Hannah went home, her spirits lifted. And soon after that – Hannah became pregnant. When her son was born, she named him Samuel, which means, “God heard.” Because, she said, I asked God for this child – and look: here he is.
Hannah kept her son with her as long as he was nursing, and then – probably when he was about three years old – she fulfilled her vow and took him to Shiloh. She presented him to Eli and said, “My lord, I am the woman who was standing here in your presence, praying for this child. God has granted my petition; so I am loaning him to God, for as long as he lives.” And she left him there for God. Hannah sings a song of exaltation and praise, plus a little bit of revenge, which bears a striking resemblance to the Magnificat, Mary’s song of faith, which we sang often in Advent! – Mary, and/or Luke, surely knew the books of Samuel well.
Hannah went on to have three more sons and two daughters. But her firstborn was always in her heart. Every year, Hannah used to make him a little linen robe and take it to him, when the family would go to Shiloh to make sacrifice.
So that is who Samuel is – and why he’s living with Eli. We don’t know how old he is when God begins to call him by night – but he could be quite young, five or six or seven.
I love that story and I want us to have it in our hearts when we come back to Samuel the grown-up prophet in a few months. But those first two chapters of First Samuel tell us some important things about Eli, too. I said earlier that Eli was the semi-retired priest of Shiloh. He had handed on most of the work of serving at the Temple to his sons, Hophni and Phinehas. And his sons were not good people.

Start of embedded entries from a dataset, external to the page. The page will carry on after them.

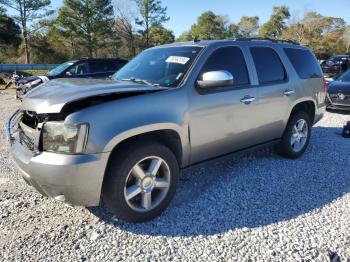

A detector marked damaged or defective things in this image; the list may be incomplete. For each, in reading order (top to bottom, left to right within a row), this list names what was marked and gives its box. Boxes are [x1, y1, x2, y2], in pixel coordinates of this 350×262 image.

crumpled hood [21, 78, 167, 114]
exposed headlight assembly [41, 122, 88, 154]
broken headlight [41, 122, 88, 154]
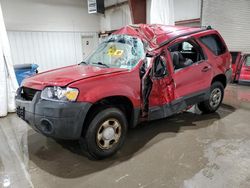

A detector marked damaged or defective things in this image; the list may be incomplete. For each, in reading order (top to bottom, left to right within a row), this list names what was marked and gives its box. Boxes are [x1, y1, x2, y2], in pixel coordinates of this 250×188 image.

shattered windshield [85, 34, 146, 69]
crumpled roof [114, 24, 202, 49]
exposed car interior [168, 40, 205, 70]
dented hood [21, 64, 127, 89]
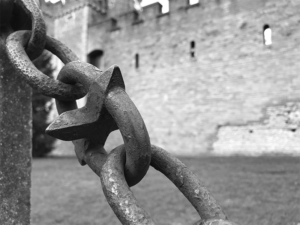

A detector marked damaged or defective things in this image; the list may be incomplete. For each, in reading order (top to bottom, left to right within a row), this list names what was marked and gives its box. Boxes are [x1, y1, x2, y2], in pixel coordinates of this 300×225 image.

In fact, the text says, they were scoundrels. They had no regard for God or the duties of the priesthood. They were only interested in taking the food people brought to offer to God. They’d send their servants to take food from people before the people had even finished making their offering. They’d also pester and assault the women who served at the entrance to the tent of meeting. They were rude, impious, and greedy, treating both the Temple and the people with contempt. Hophni and Phinehas did not think much of God, and God did not think much of Hophni and Phinehas.
Now, Eli knew what his sons were doing. He told them, “I hear terrible reports about you. Why do you do such things? You must not sin against God in these ways!” But of course, this doesn’t even make a dent in their behavior. “Ah, the old man, he’s so uptight.”
Then Eli receives a prophesy. A stranger, a man of God, comes to him and tells him, “Look, God chose your ancestors to serve God as priests – but when a family treats its holy ancestral calling with contempt, that family will lose its holy calling. Your sons are doomed; and I will raise up for myself a faithful priest.”
When God tells Samuel, “I am going to fulfill all that I have told Eli about his house” – his family – this is what God is talking about.
And then, not long after that, little Samuel starts to hear someone calling his name at night.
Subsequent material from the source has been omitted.